Try the download again.
Contact the sequence provider.

FastQ File Analyses

fastqc Sample1_L1_R1.txt

From the fastqc_data.txt file we check the following values:

Encoding (must be Sanger / Illumina 1.9)
Total Sequences (Need to develop a acceptable range)
Filtered Sequences (Should be 0 or at least very low)
Sequence length (must be ~ 100 bp)
%GC (should be 45 < x < 55)
Total Duplicate Percentage (This value may not be valuable - an acceptable range has not been determined).

Alignment

Align reads to the genome with bwa.

Index the reference sequence if this has not already been done

bwa index -a bwtsw human_g1k_v37_decoy.fasta

The 'bwa aln' program will find the reference coordinates of the input reads (independent of their mate-pair). The following parameters are those used by the 1KG project for aligning Illumina data.

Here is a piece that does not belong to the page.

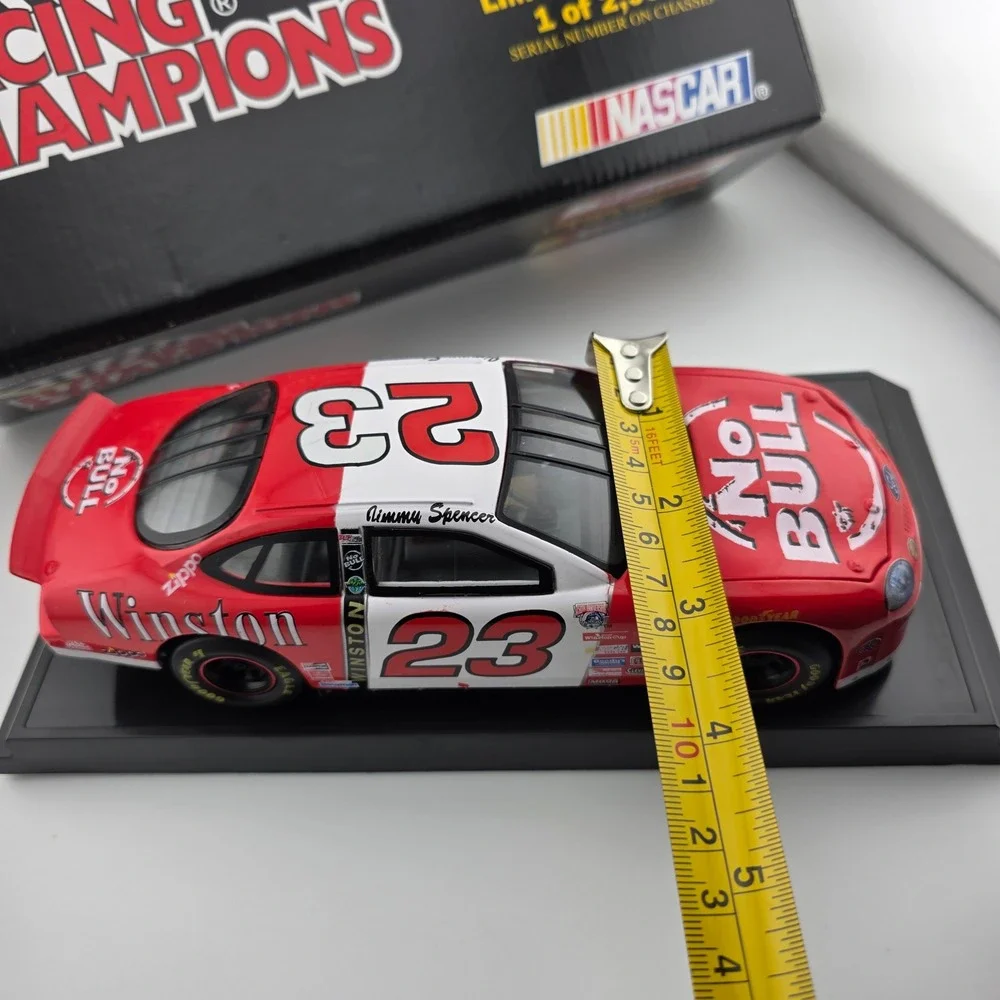 Racing Champions brand racing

bwa aln -q 15 human_g1k_v37_decoy.fasta file.fastq > Sample1_L1_R1.sai # One lane of reads first in pair
bwa aln -q 15 human_g1k_v37_decoy.fasta file.fastq > Sample1_L1_R2.sai # One lane of reads second in pair

The 'bwa sampe'. For paired-end reads, the maximum insert size is taken to be 3 times the expected insert size and read group added.

bwa sampe -r "read group" -P Sample1_L1_R1.sai Sample1_L1_R1.sai Sample1_L1_R1.fastq Sample1_L1_R2.fastq | samtools view -bSho BAM_FILE -

This will switch to bwa mem soon.

bwa mem -M -R "read group" human_g1k_v37_decoy.fasta Sample1_L1_R1.fq Sample1_L1_R2.fq | samtools view -bSho BAM_FILE -

BAM File Analyses

Alignment BAM files are improved in various ways to help increase the quality and speed of subsequent variant calling steps.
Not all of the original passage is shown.